L’osservazione della realtà e la conoscenza scientifica e tecnica spinte fino a ipotesi avvenieristiche, quasi fantascientifiche, che poi si sono realizzate… Tutto questo fa pensare a Jules Verne come a un profeta…
«È indubbio che Verne sia stato uno dei pochissimi scrittori capaci di anticipare il suo tempo non solo per quanto riguarda la letteratura, ma anche la scienza. Non lo definirei però un profeta. Era solo, probabilmente, uno scrittore molto intelligente che affrontava i suoi “problemi narrativi” studiandoli con grande cura e logica incrollabile. Tanto che poi le sue soluzioni si sono rivelate spesso esatte. Penso spesso al romanzo Dalla terra alla luna. Mi piace credere che Verne abbia avuto uno spunto narrativo interessante, e cioè la storia di un equipaggio in volo verso la luna. A quel punto ha svolto con cura il lavoro di ricerca, che è parte fondamentale del mestiere di scrittore, per immaginare come realizzarlo in modo verosimile. Così facendo ha affrontato i problemi che poi sarebbero toccati anche agli scienziati moderni: orbite, traiettorie, carburante. E ha piegato la sua storia di conseguenza. Il risultato è profetico, ma dietro io ci vedo il lavoro di un artigiano che operava con cura, passione, grande intelligenza e capacità».

Nemo autoreAnche nel suo romanzo, Nemo con gli altri due protagonisti, fra cui la deliziosa e coraggiosissima Ashlynn, affronta avventure ai limiti dell’incredibile. Si può dire che è una via di mezzo tra Indiana Jones e James Bond?

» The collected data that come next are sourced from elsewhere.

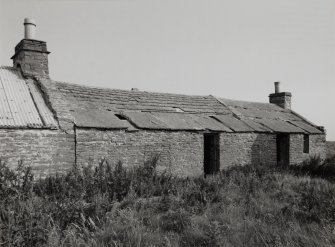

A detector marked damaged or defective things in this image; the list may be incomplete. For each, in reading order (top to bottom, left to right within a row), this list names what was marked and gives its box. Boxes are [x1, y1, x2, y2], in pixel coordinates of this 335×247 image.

rusted roof sheet [0, 66, 43, 128]
damaged roof section [0, 66, 57, 128]
rusted roof sheet [73, 109, 131, 129]
rusted roof sheet [214, 115, 253, 132] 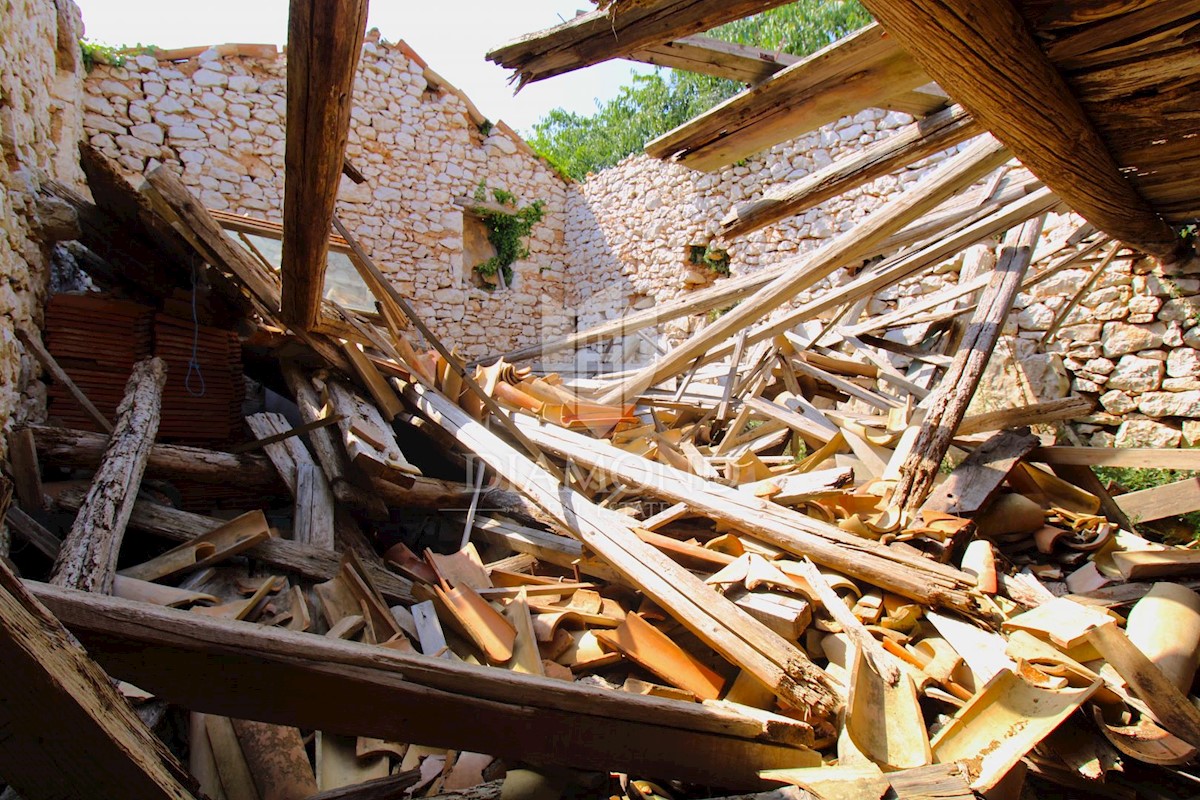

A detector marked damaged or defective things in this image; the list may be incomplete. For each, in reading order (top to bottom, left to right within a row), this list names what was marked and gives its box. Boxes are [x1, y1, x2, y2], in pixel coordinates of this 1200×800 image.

broken roof beam [282, 0, 370, 332]
broken roof beam [488, 0, 796, 88]
broken roof beam [624, 34, 800, 85]
broken roof beam [648, 25, 936, 173]
broken roof beam [720, 102, 984, 238]
broken roof beam [864, 0, 1192, 262]
broken roof beam [0, 560, 197, 796]
broken roof beam [39, 580, 824, 788] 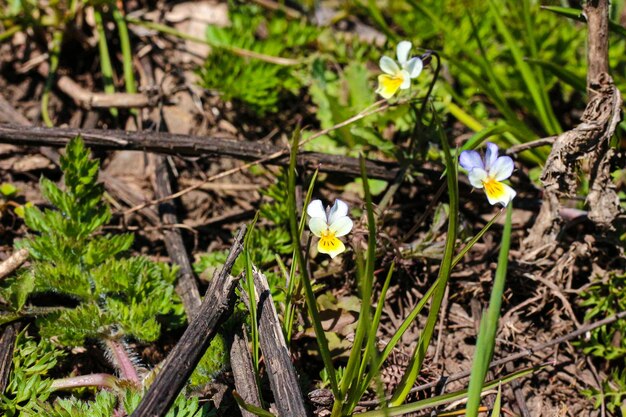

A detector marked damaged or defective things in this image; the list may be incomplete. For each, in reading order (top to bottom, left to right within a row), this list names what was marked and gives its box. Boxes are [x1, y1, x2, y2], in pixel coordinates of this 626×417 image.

broken wood piece [0, 124, 402, 181]
broken wood piece [0, 249, 28, 282]
broken wood piece [153, 155, 200, 318]
broken wood piece [130, 228, 245, 416]
broken wood piece [227, 324, 260, 416]
broken wood piece [250, 266, 306, 416] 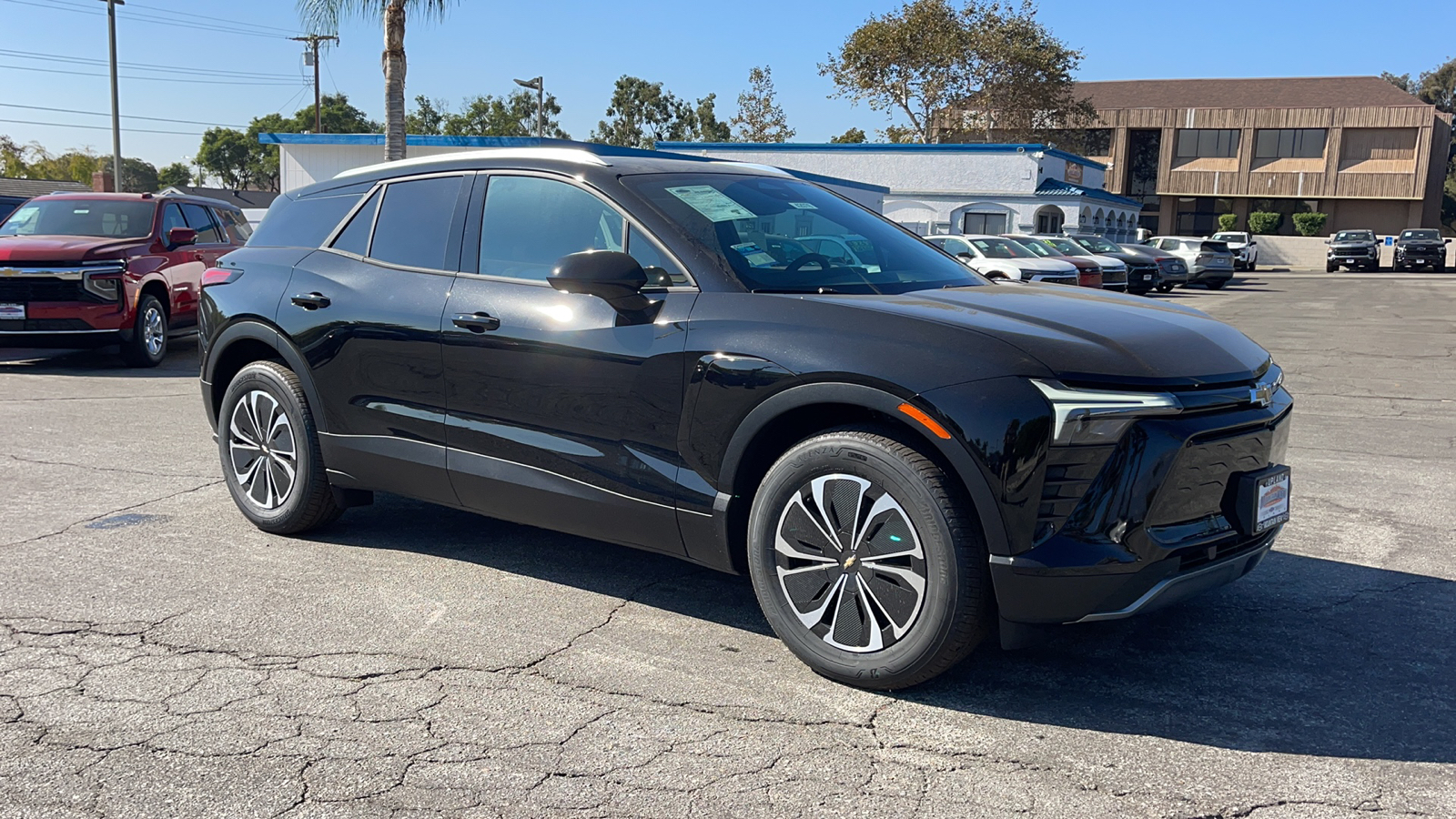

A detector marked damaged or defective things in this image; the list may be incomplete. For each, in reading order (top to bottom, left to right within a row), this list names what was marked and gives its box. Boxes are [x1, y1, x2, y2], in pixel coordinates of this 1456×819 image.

«Nemo per certi versi è l’eroe d’avventura perfetto. È coraggioso, affascinante, capace di togliersi dai guai in ogni situazione. Un genio che risolve i problemi con soluzioni innovative e spettacolari.Questo sicuramente lo fa assomigliare a tanti altri eroi della letteratura e del cinema (quelli citati, devo dire, sono tra i miei preferiti). Secondo me però Nemo ha anche qualcosa in più, che lo rende diverso dallo stereotipo dell’eroe e gli dà una dimensione più ampia, umana e “vera”. È il suo lato oscuro, fatto di responsabilità e di rabbia, di mistero. Bisogna ricordare che alla fine del romanzo Ventimila leghe sotto i mari, Nemo attacca e affonda una nave per molti versi innocente, e proprio questo episodio spingerà i suoi amici ad abbandonarlo.Proprio perché Nemo è un eroe in tumulto, che commette anche grandi errori, al suo fianco sono arrivati due personaggi che per me sono stati davvero divertenti da raccontare, tra cui Ashlynn. Ero timoroso di lasciare tanto spazio a una ragazza, perché, per uno scrittore maschio, le ragazze sono sempre più difficili da gestire sulla pagina. Ma in questo caso, Ashlynn il suo spazio se l’è preso. Sorprendendo anche me».

Ho letto la sua piccola biografia di Leonardo da Vinci della nuova interessante collana “I Grandissimi” (Ed. EL, 73 pagine, 7,50 euro). Ha scelto Leonardo, genio dallo sconfinato talento, perché in fondo l’avventura intellettuale è comunque avventura, superamento dei limiti umani?
«
Leonardo è un personaggio magnifico. Da piccolo mi affascinava perché era mancino, come me, e aveva trasformato questa caratteristica, che a volte è piuttosto scomoda, in un vantaggio e in un codice segreto. Ma studiando Leonardo per “I Grandissimi”, mi ha sorpreso un’altra cosa. Il fatto cioè che i suoi contemporanei non lo considerassero un genio assoluto, o almeno non con la stessa enfasi che usiamo noi moderni. Per questo, nella sua vita dovette affrontare numerose critiche, addirittura sberleffi, eppure continuò per la sua strada animato dalla sua incredibile e geniale curiosità. Infine, non posso dimenticare che Leonardo è stato l’inventore del sottomarino. Anche Verne, credo, per tanti versi è partito da lui».